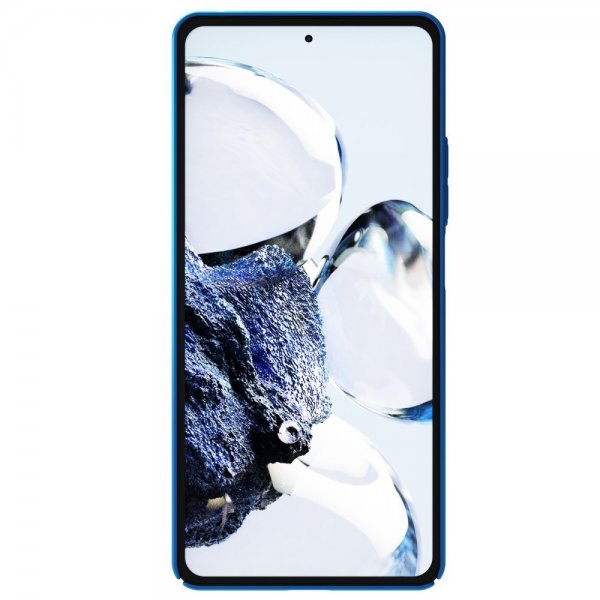 Nillkin Xiaomi Redmi Note 13 5G Skal Super Frosted Shield Blå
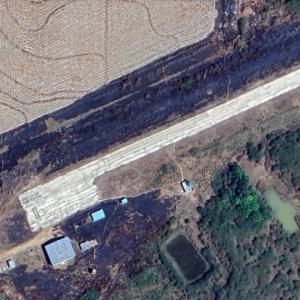 Las Cruces Agricultural Airfield (Google Maps)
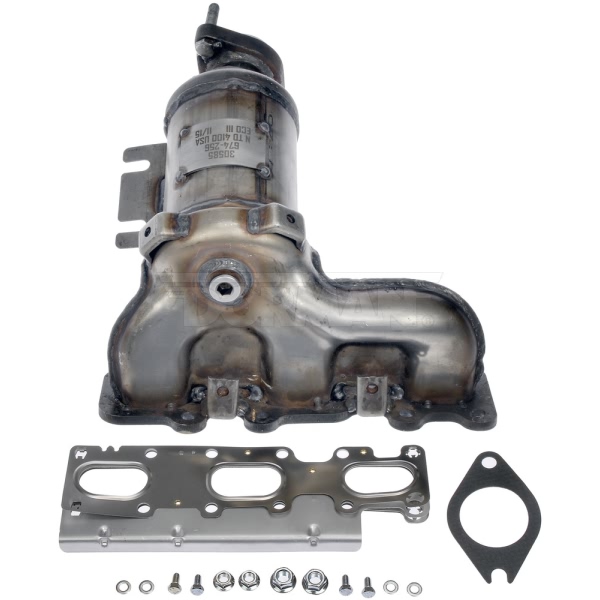 Dorman Stainless Steel Natural Exhaust Manifold 674-256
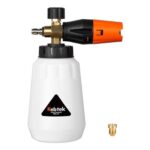 Kebtek Snow Foam Lance, 1/4in Quick Connect, 1.1mm Nozzle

┄┄┄┄┄┄┄┄┄┄

** WHAT YOU NEED TO DO **
The result should be a transcript of the lines from the line containing "Dorman Stainless Steel" through the end of the listing above, exact, inclusive, and without pictures.

** EXERCISE ANSWER **
 Dorman Stainless Steel Natural Exhaust Manifold 674-256
 Kebtek Snow Foam Lance, 1/4in Quick Connect, 1.1mm Nozzle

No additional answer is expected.